These drones are already inspiring clones worldwide. “China and Turkey have a Shahed clone,” said Bendett, adding that North Korea likely has one too, potentially built with Russian parts. While not particularly effective against military targets, Russia uses them against poorly-defended civilian infrastructure. Their slow cruising speed of about 115 mph gives defenders some time to react, but their volume and stealth, hugging terrain to avoid radar, make many of them difficult to intercept.
The risk isn’t limited to Ukraine. Shahed-136s can reportedly travel up to 1,500 miles, putting central European capitals like Berlin and Paris within reach if launched from Belarus. A similar drone launched from Yemen reached Tel Aviv in 2024, illustrating the plausibility of such long-range attacks.

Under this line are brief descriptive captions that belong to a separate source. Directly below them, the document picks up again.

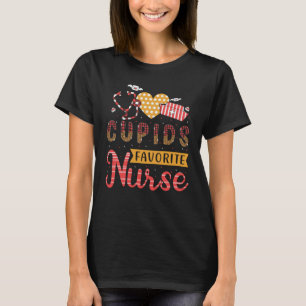 Cupids favoritnäsborre Valentines day Medical Nurs T Shirt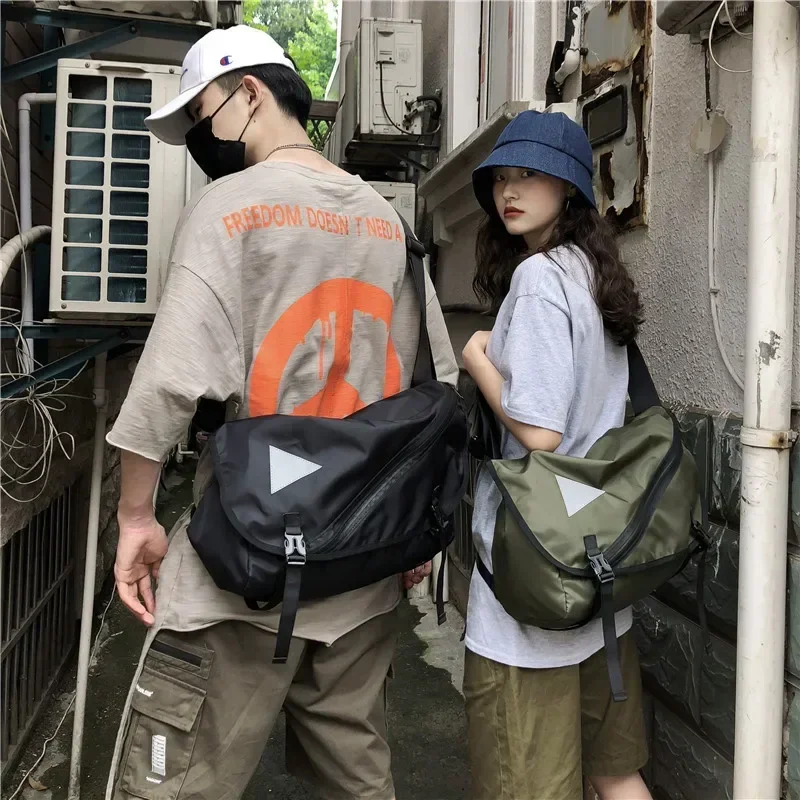 2024メッセンジャーバッグ男性ぶら下げメッセンジャーバッグナイロンレトロ女の子と男の子屋外エクスプレスメッセンジャーバッグショルダーバッグキャンパスバッグ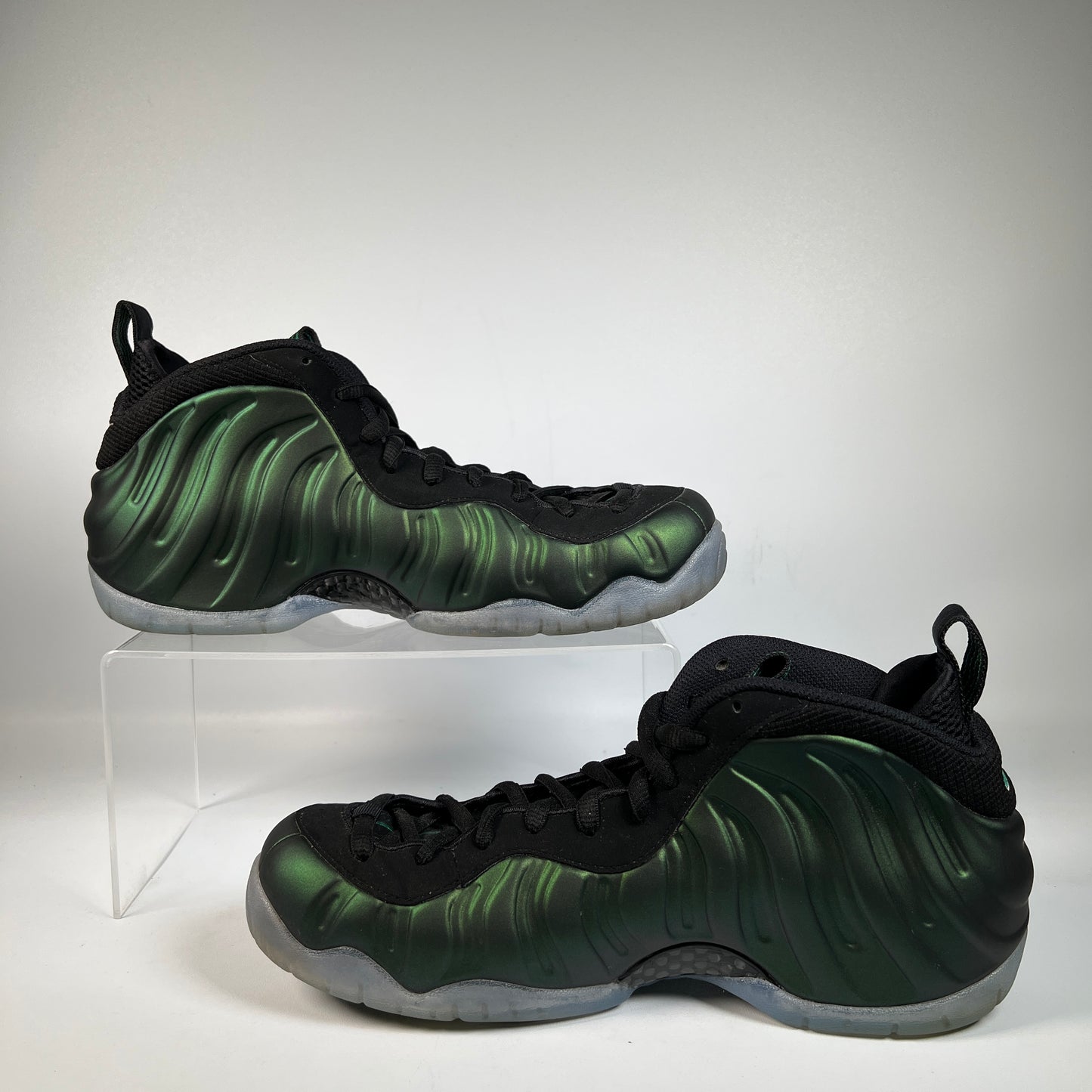 Nike Air Foamposite Pro Pine Green (2025) Size 10.5 USED s22675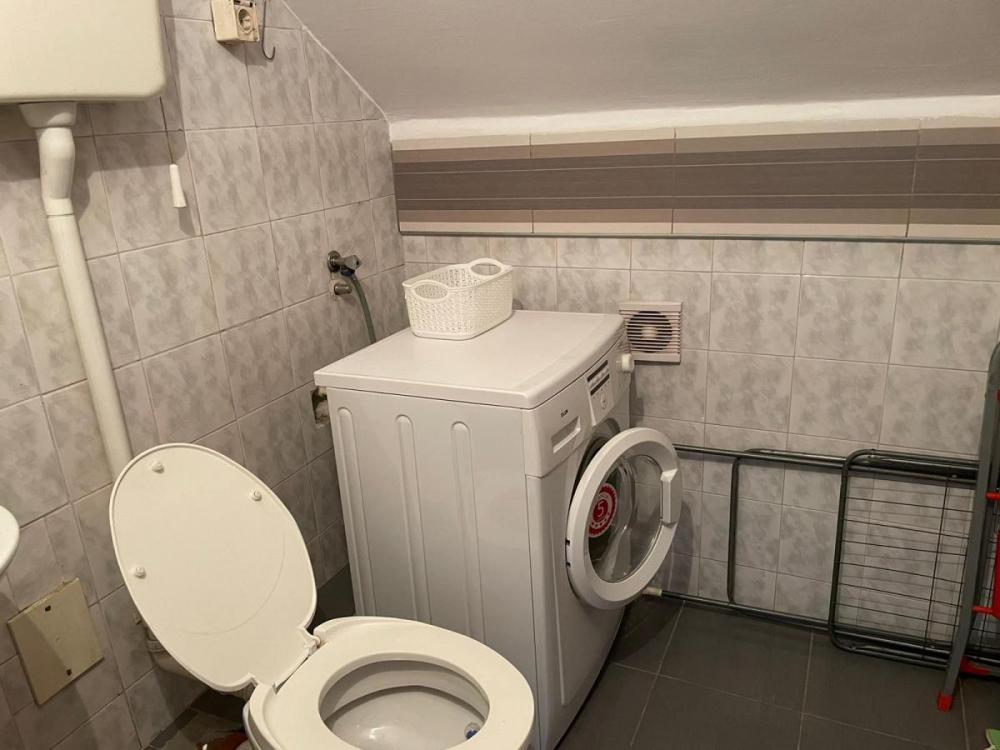 Slika 9 - Jednosoban, 26m2, Novi Sad centar Novi Sad, ima lift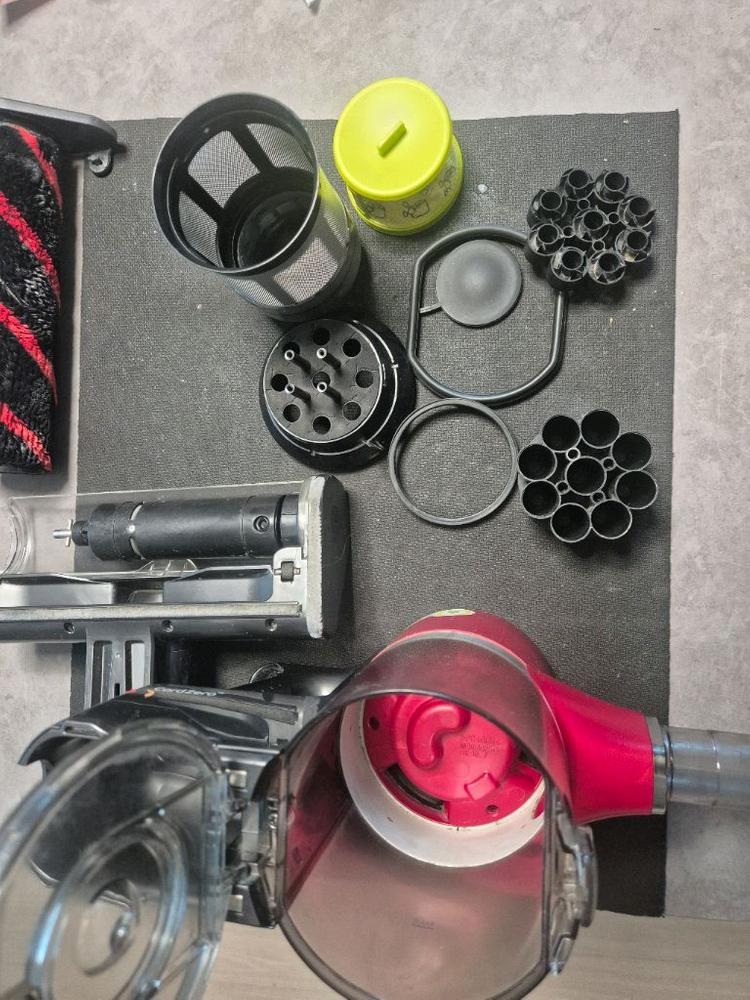 LG 코드제로 A9 무선 청소기 본체 만 사용감 있으나 작동잘됩니다 이미지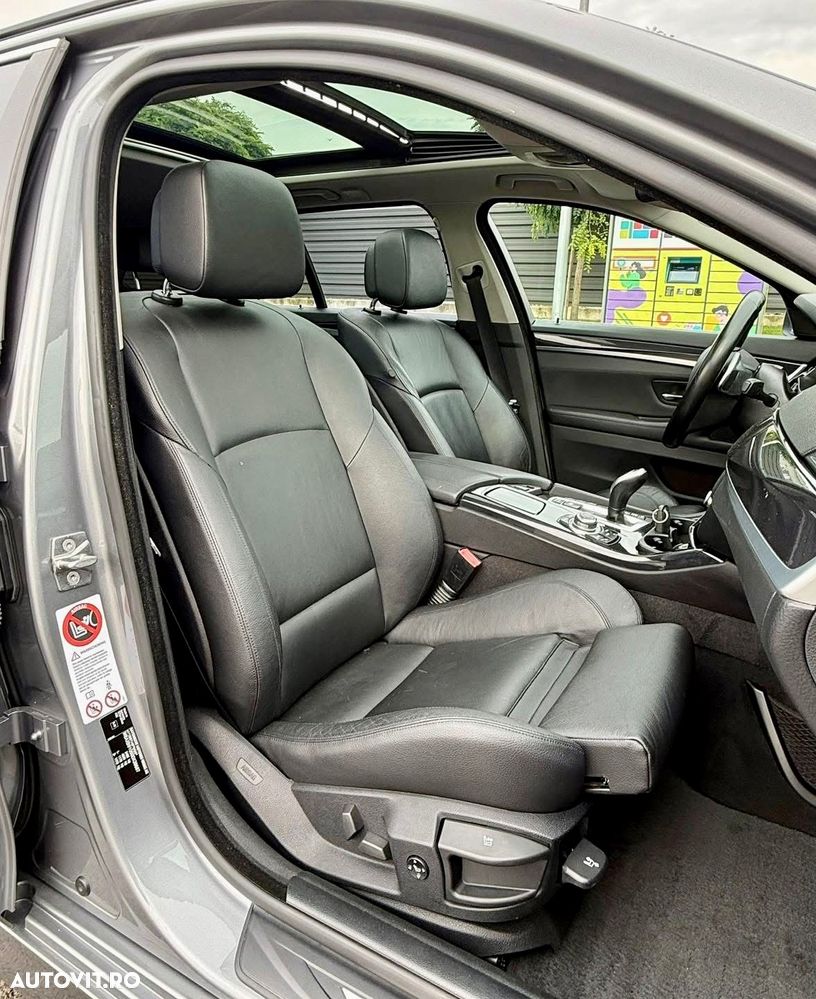 BMW Seria 5 525d xDrive - 12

Existing Defenses Are Too Expensive to Scale
Traditional air defense systems are financially unsustainable for countering cheap drones. Even short-range weapons like Sidewinder or Stinger missiles cost hundreds of thousands of dollars per shot, far exceeding the value of their targets. The U.S. Army’s new Freedom Eagle missile comes with a price tag of up to $200,000, enough to manufacture several Shaheds. Guided munitions like the $35,000 APKWS II, laser-guided Hydra rockets, offer a more cost-effective alternative and are already used by Ukrainian and American F-16s.
But these systems come with their own challenges. Airborne APKWS deployments demand costly flight hours, up to $44,000 per sortie, and risk from new Russian tactics, such as arming Shaheds with air-to-air missiles. APKWS launched from ground platforms like the U.S. Navy’s VAMPIRE are more affordable but limited in range.
Other efforts include point defense systems. Ukraine relies on WWII-style machine gun trucks and automated gun emplacements. German-supplied Gepard self-propelled anti-aircraft vehicles, equipped with radar and computer-guided autocannons, have proven more effective. Naval forces have resorted to ship-mounted howitzers and CIWS to avoid wasting high-cost missiles. Energy weapons like lasers and microwaves are also entering service, with Israel’s Iron Beam reportedly neutralizing 40 Hezbollah drones by mid-2025. But their high power demands and poor performance in fog limit their effectiveness.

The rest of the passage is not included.